A key to healthy eating is knowing just what you are eating. In our modern day of processed food convenience, this often means that reading the box, bag and carton labels on foods is a crucial piece of knowledge. It’s hard to understand labels and claims and some of it can be downright misleading. Here are a few tips to help you quickly assess a food label:

What’s first on the list? Ingredients are listed by quantity, with the highest quantity ingredient first. When shopping, read what the number one ingredient is on the label. For example on your son’s favorite cereal is the first ingredient wheat or sugar?

Whole Grains are better. The more “whole” the ingredients, the longer it will take your body to digest it. Plus, a lot of the nutrients are in the whole part of the grain kernel. Does your son’s box of cereal have a claim on it for “Whole Grains”?

Less sugar is better. Sugar is mentioned on the nutrition facts label in “grams” per serving. 1 gram of sugar equals ¼ teaspoon, or 4 grams = 1 teaspoon. According to a NY Times article about sugar content in breakfast cereals, many popular brands contain 16 grams of sugar per serving (4 teaspoons) or more.
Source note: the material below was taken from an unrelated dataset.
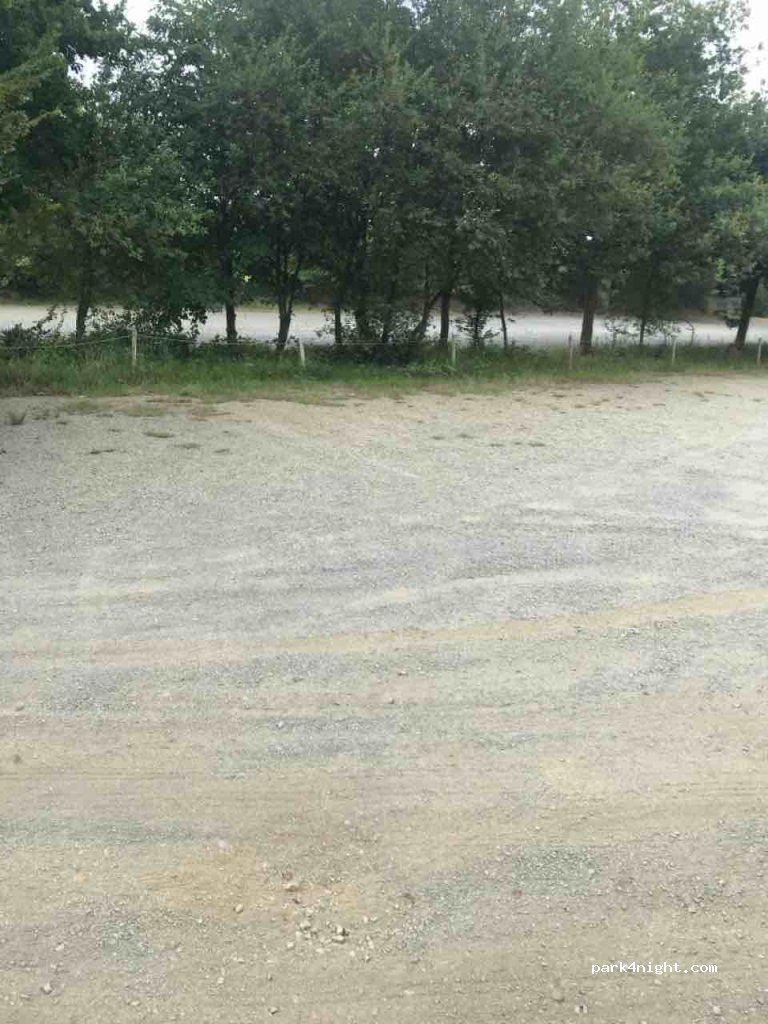 (35440) Feins - La Bijouterie — foto 3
Avoid HFCS and Trans Fats: Try to find healthier alternatives to products that contain high fructose corn syrup (HFCS ) and hydrogenated oils. Both of these ingredients are linked to unhealthy eating.

Can you pronounce everything on the label? The less preservatives, colors and additives the better. If there are several ingredients you can’t even pronounce, put the product back on the shelf and find another option.